[INFORMATION SUPPLIED]
★ ★ ★
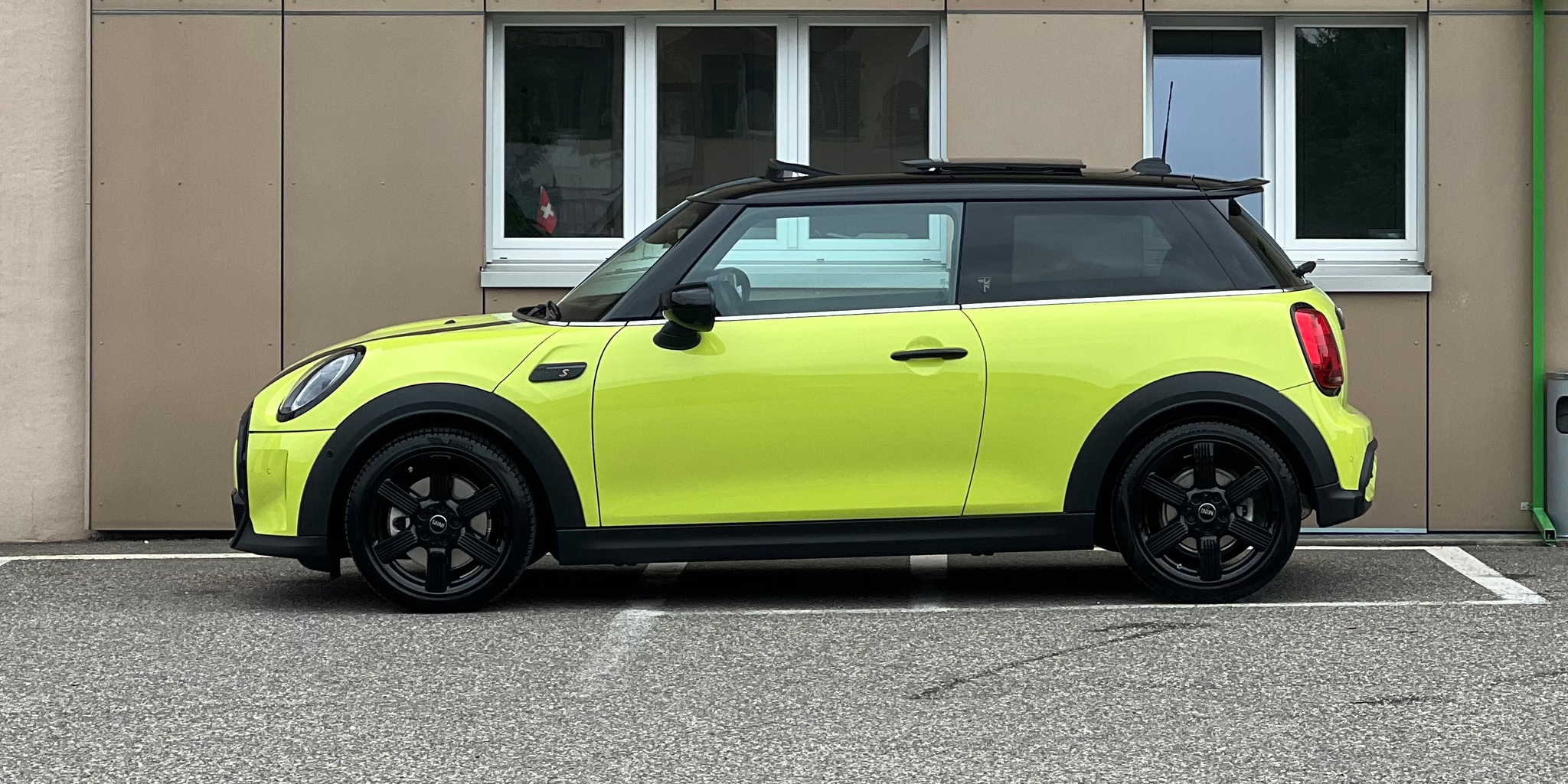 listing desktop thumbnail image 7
★ ★ ★
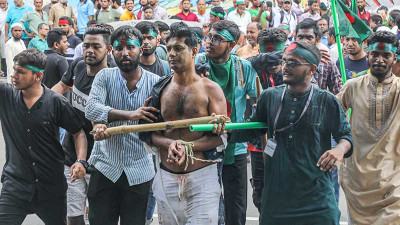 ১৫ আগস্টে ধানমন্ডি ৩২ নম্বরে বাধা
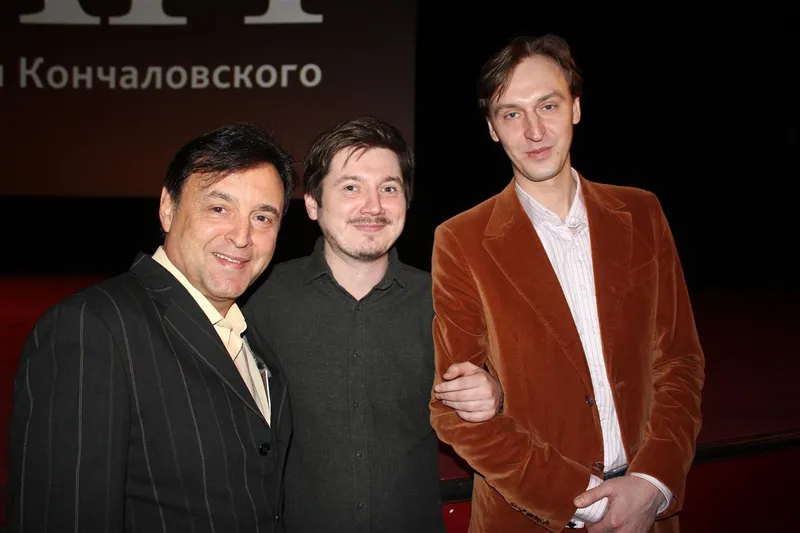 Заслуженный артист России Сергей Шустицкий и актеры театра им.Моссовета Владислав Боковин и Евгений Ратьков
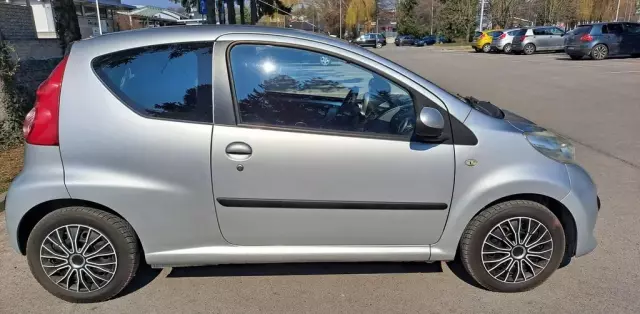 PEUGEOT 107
★ ★ ★
[WHAT IS REQUIRED]
Take only the lines above from the one that has "Заслуженный артист России" through the one that has "PEUGEOT 107" and reproduce them exactly, omitting any pictures.

[EXPECTED ANSWER]
 Заслуженный артист России Сергей Шустицкий и актеры театра им.Моссовета Владислав Боковин и Евгений Ратьков
 PEUGEOT 107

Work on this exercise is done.